The entries below hold a line with "Puede incluir: Cuatro" and a line with "Wooden console table". Return those lines and all that lie between them, exactly and only.

[Caption-style text data]
--------------------
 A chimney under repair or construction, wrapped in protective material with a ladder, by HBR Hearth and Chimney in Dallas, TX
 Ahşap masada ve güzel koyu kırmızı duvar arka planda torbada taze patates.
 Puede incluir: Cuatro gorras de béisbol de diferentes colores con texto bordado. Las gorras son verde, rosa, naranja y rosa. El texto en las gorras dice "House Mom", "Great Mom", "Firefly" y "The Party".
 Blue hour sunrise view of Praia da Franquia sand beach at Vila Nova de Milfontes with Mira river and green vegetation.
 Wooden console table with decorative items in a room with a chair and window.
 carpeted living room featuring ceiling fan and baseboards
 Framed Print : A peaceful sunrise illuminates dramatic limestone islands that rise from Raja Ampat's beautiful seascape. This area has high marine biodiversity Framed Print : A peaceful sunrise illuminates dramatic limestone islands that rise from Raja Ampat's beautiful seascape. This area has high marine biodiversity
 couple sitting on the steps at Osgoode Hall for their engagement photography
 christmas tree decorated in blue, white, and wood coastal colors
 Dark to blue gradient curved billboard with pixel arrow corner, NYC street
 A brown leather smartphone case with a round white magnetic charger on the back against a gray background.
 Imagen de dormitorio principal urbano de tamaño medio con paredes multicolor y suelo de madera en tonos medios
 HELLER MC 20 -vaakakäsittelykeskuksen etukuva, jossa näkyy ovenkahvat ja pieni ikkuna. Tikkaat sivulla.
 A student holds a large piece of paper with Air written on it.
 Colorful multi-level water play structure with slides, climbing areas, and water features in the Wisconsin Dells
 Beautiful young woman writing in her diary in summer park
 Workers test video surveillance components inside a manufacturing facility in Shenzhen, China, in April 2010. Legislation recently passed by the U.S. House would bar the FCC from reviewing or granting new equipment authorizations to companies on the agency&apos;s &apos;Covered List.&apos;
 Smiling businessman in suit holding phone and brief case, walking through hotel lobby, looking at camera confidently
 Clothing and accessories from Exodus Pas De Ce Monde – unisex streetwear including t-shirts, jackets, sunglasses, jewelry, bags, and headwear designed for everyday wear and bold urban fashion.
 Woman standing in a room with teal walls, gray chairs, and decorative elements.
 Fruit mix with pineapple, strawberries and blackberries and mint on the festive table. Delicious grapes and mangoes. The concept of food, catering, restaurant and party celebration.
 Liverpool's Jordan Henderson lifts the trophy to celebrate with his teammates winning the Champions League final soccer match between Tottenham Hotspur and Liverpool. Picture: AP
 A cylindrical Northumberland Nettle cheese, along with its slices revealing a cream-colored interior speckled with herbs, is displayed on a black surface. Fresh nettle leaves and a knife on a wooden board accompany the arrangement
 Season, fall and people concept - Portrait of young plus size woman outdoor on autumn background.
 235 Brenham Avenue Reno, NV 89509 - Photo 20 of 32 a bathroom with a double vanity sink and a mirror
--------------------
Solved exercise:
 Puede incluir: Cuatro gorras de béisbol de diferentes colores con texto bordado. Las gorras son verde, rosa, naranja y rosa. El texto en las gorras dice "House Mom", "Great Mom", "Firefly" y "The Party".
 Blue hour sunrise view of Praia da Franquia sand beach at Vila Nova de Milfontes with Mira river and green vegetation.
 Wooden console table with decorative items in a room with a chair and window.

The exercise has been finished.